Assignment: Beginning with the line containing "單日振幅超5%！金" and ending at the last line of the data, set down every line exactly, leaving out all pictures.

Short text fragments from websites:
━━━━
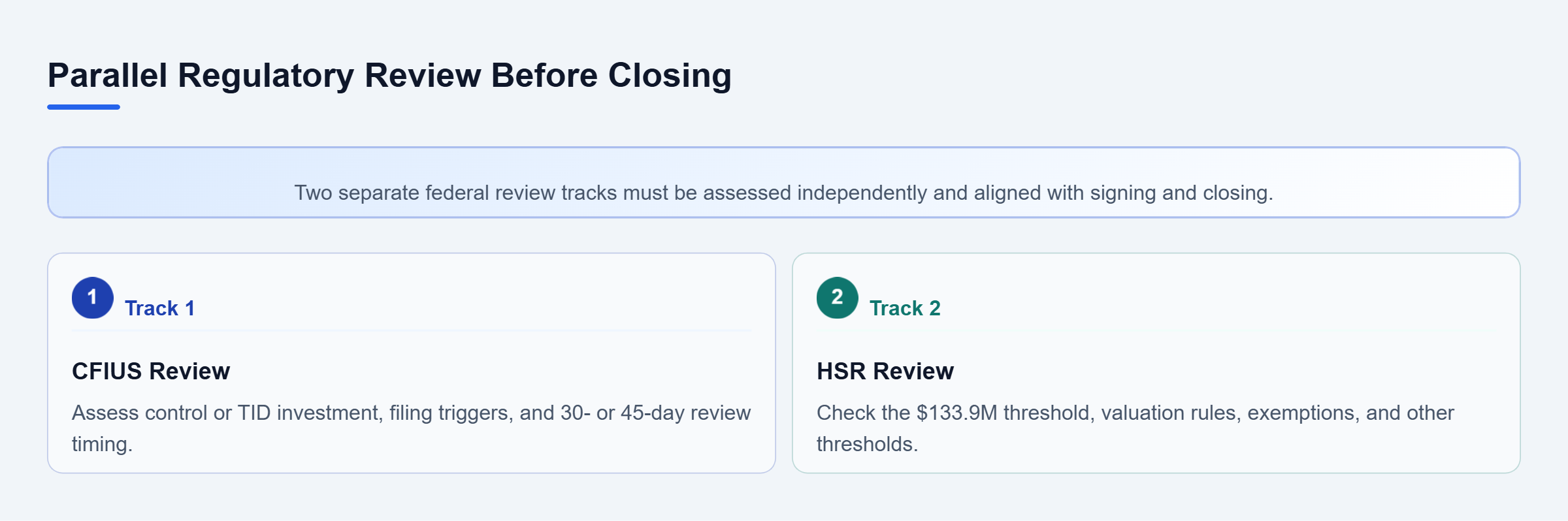 Diagram: Two parallel tracks show CFIUS foreign investment review and HSR premerger review, each assessed separately before closing.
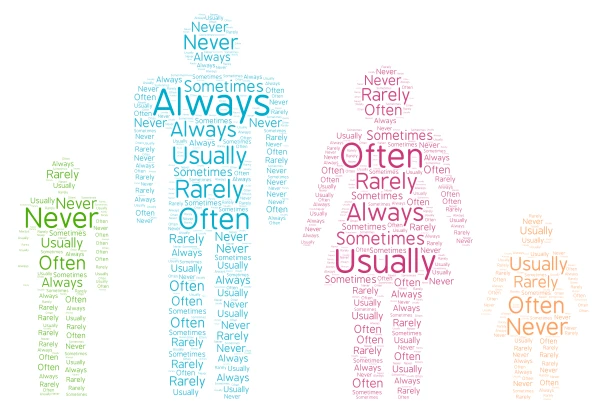 Frequency Adverbs word cloud art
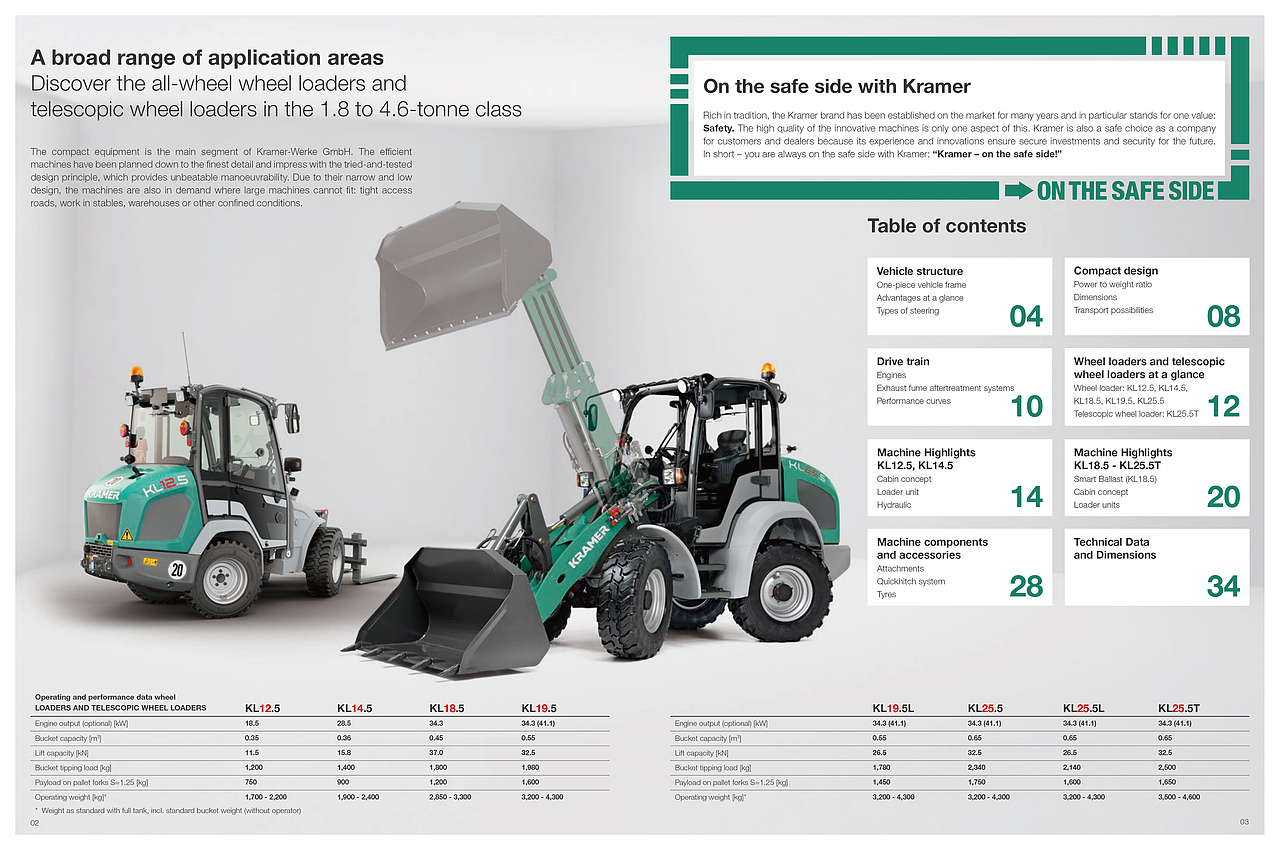 分享 · 德国KRAMER装载机系列产品画册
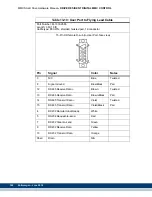 Preview for 350 page of Kollmorgen MMC Smart Drive Series Hardware Manual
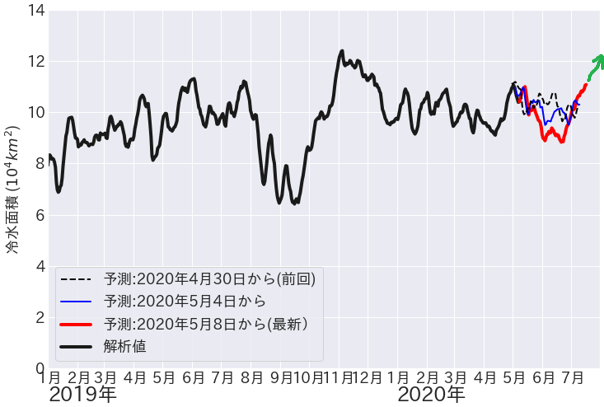 f:id:nmomose:20200514213234p:plain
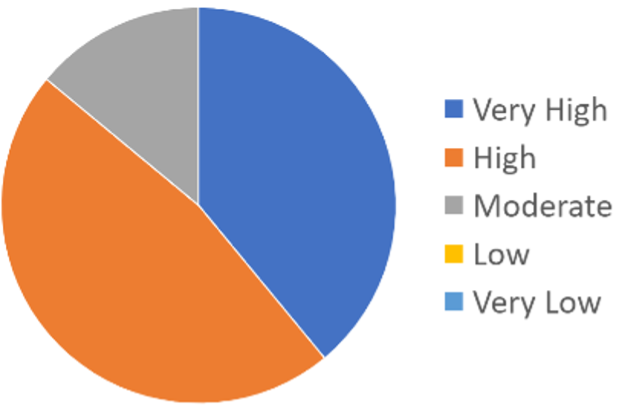 Practical CSM 2023 Survey Pie chart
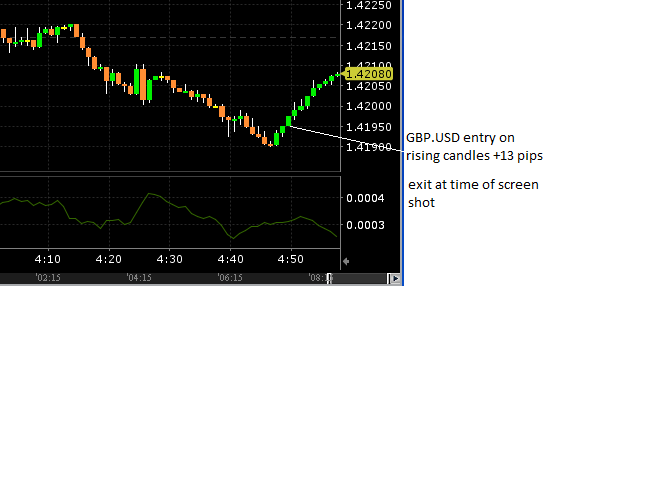 T2w forex
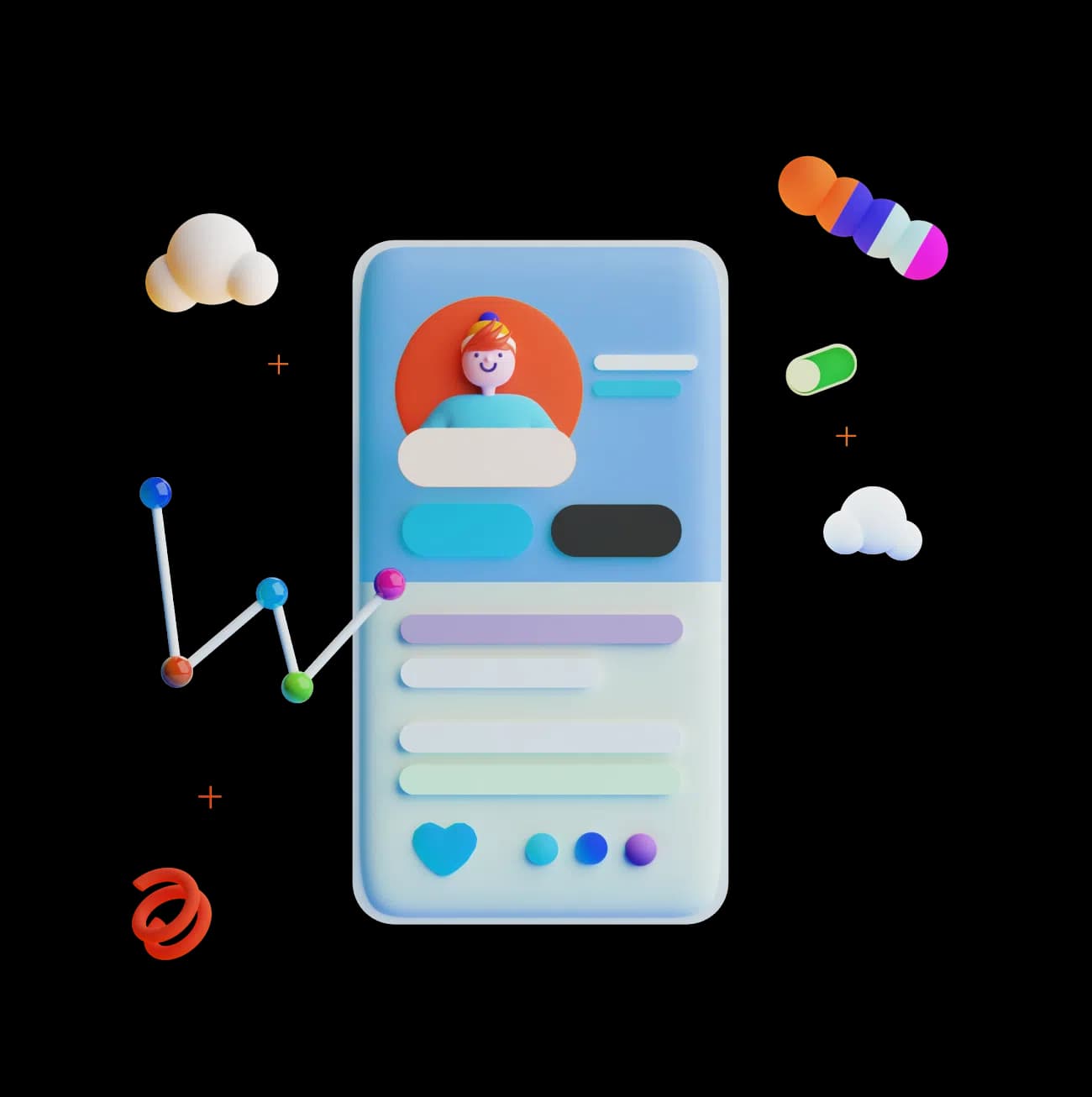 cross platform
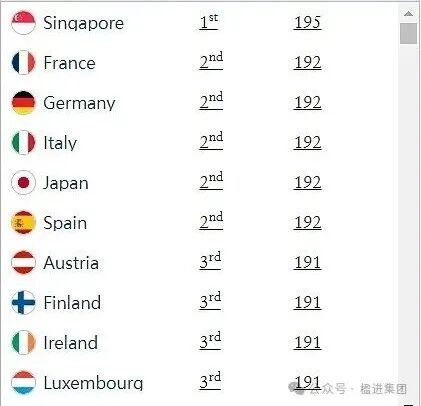 新加坡护照再次成为全球最强护照，免签全球195个国家及地区！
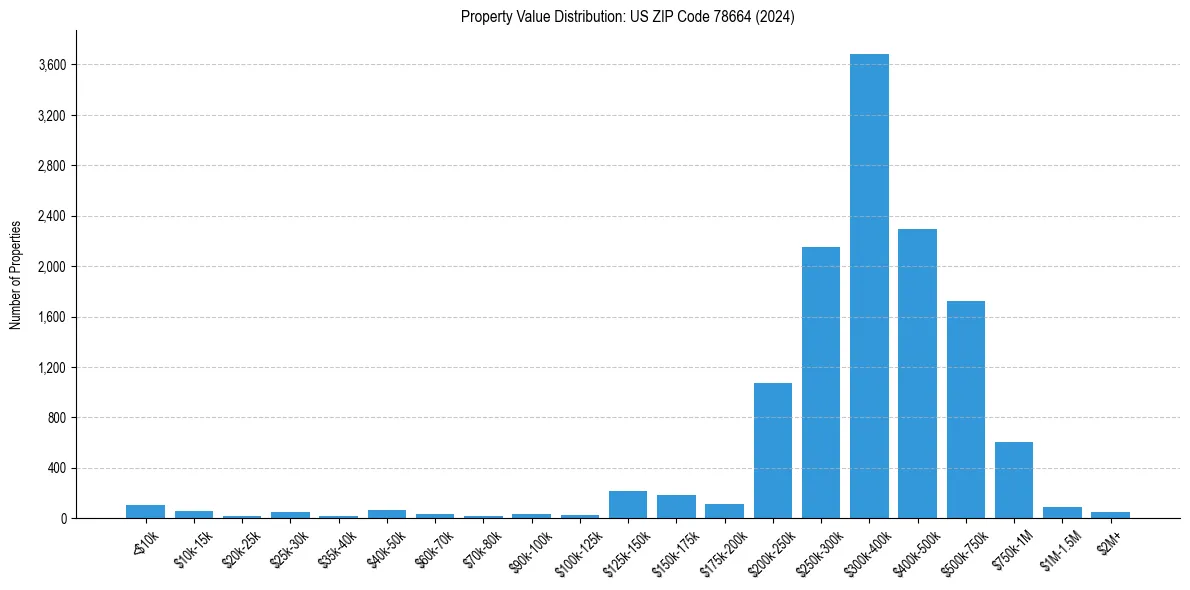 Value Distribution for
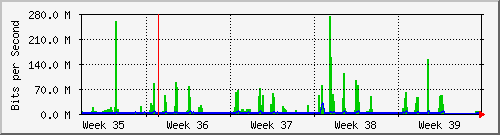 month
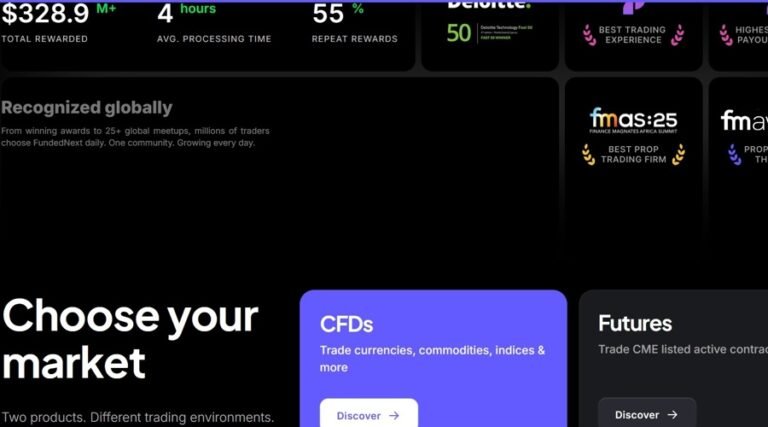 AI Wave Reaches Prop Firms as FundedNext Launches MCP Server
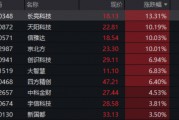 單日振幅超5%！金融科技ETF放量漲逾1%，資金大舉加碼159851！跨境支付概念股領(lǐng)漲逾13%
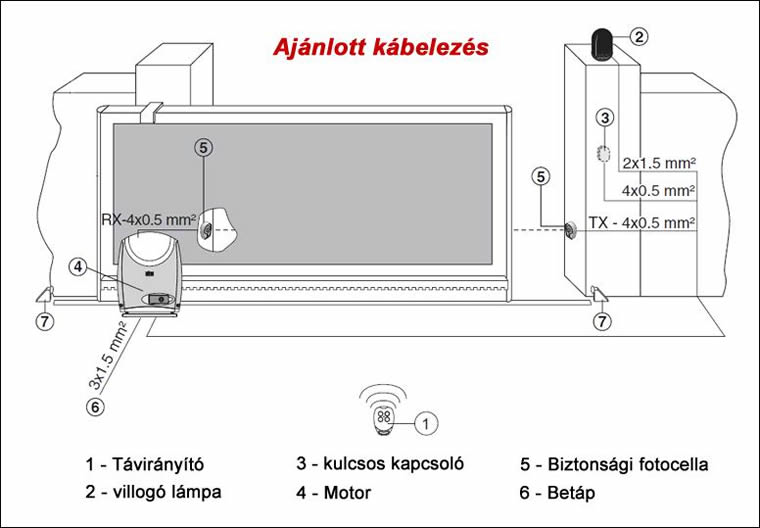DITEC CROSS 5-7-8 kapunyitó kábelezés
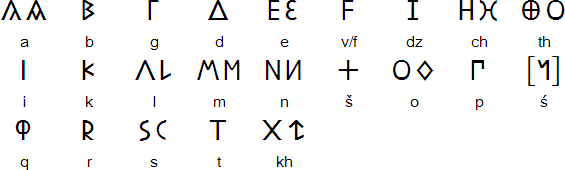 Messapic alphabet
━━━━
Output:
 單日振幅超5%！金融科技ETF放量漲逾1%，資金大舉加碼159851！跨境支付概念股領(lǐng)漲逾13%
DITEC CROSS 5-7-8 kapunyitó kábelezés
 Messapic alphabet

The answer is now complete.